Mis à jour 10/10/2019 à 10:13 GMT+2

DOSSIER JEUNES (2/3) - Les exploits de Bernal ou Evenepoel ne suffisent pas à banaliser l'exceptionnel : tirer le meilleur d'un jeune prometteur reste un exercice périlleux, entre développement physique et psychologique. Il existe plusieurs façons de favoriser l'épanouissement de ces stars en devenir. Des approches globales qui ne doivent pas faire fi des spécificités des champions en herbe.
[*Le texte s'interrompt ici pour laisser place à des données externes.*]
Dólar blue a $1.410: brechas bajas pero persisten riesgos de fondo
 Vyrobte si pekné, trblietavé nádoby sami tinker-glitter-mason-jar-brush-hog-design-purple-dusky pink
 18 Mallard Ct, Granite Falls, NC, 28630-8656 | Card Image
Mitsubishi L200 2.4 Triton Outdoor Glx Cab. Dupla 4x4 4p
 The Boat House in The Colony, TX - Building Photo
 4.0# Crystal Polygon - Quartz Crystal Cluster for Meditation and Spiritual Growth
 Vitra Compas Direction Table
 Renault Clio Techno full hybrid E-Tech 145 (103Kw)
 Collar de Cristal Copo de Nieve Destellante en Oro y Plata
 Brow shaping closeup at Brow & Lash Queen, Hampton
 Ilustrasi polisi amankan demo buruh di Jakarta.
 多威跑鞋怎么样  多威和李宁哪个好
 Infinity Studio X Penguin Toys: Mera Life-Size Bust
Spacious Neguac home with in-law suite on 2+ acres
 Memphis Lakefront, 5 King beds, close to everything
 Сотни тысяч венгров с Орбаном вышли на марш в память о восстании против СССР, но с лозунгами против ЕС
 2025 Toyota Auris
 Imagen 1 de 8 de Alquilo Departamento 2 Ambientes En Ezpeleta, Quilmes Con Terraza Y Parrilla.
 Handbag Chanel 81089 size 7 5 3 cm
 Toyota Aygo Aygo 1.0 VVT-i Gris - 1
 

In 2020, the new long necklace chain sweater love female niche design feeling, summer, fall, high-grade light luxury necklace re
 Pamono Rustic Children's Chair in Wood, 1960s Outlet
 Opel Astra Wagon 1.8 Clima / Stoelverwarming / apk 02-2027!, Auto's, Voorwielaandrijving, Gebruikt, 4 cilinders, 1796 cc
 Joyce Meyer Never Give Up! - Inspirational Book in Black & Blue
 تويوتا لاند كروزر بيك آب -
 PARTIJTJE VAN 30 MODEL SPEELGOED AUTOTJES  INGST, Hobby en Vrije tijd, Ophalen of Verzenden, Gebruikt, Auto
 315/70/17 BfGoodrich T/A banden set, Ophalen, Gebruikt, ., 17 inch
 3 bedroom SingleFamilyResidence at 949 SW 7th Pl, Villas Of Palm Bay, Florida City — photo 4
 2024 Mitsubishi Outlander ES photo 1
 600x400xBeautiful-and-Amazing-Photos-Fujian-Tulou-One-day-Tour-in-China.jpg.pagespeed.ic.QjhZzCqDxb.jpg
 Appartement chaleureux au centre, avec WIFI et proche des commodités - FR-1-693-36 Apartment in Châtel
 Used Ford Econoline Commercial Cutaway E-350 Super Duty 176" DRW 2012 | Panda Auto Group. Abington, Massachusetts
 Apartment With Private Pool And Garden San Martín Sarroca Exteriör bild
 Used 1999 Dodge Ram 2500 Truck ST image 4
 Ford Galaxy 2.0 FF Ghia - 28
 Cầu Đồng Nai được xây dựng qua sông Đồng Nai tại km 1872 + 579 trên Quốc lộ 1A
Remco Evenepoel, vainqueur de la 2e étape du Tour de Belgique - 13/06/2019

Crédit: Getty Images

"Aux âmes bien nées, la valeur n’attend point le nombre des années". Rodrigue, dans Le Cid, de Pierre Corneille (1637). "Qu’Evenepoel soit si jeune n’est pas le plus important. Je roulais aussi fort à 19 ans qu’à 23 ans.” Roger De Vlaeminck, interrogé par Het Nieuwsblad (2019). À quatre siècles d’écart, le dramaturge français et le champion cycliste belge mettent leurs mots sur une réalité incarnée en 2019 par les prodiges venus imposer leur talent au peloton cycliste.
Ces derniers jours encore, Quinn Simmons, 18 ans, s’est engagé sur la même voie que celle empruntée par Remco Evenepoel il y a un an : direction le World Tour dans la foulée de son titre de champion du monde Junior (il rejoint la Trek-Segafredo de Mads Pedersen), plutôt que de faire des gammes imposées dans la classe Espoirs. Leur âge détonne dans les pelotons, mais à quoi bon attendre s’ils sont prêts ?
Les premiers tours de roue professionnels de Simmons, attendus dès janvier sur le Tour Down Under, montreront si l’Américain peut déjà affronter le monde des grands. Ou si son parcours viendra rappeler une autre réalité : le talent n’attend pas les années, certes, mais un jeune espoir n’a pas nécessairement toutes les clefs en main pour s’exprimer au milieu de ses aînés.
Simmons, Evenepoel, mais aussi Bernal, Pogacar ou Gaudu : tous les prodiges du moment restent de jeunes champions que leurs équipes s’efforcent de couver, avec la part d’incertitude que leur jeunesse amène dans l’équation.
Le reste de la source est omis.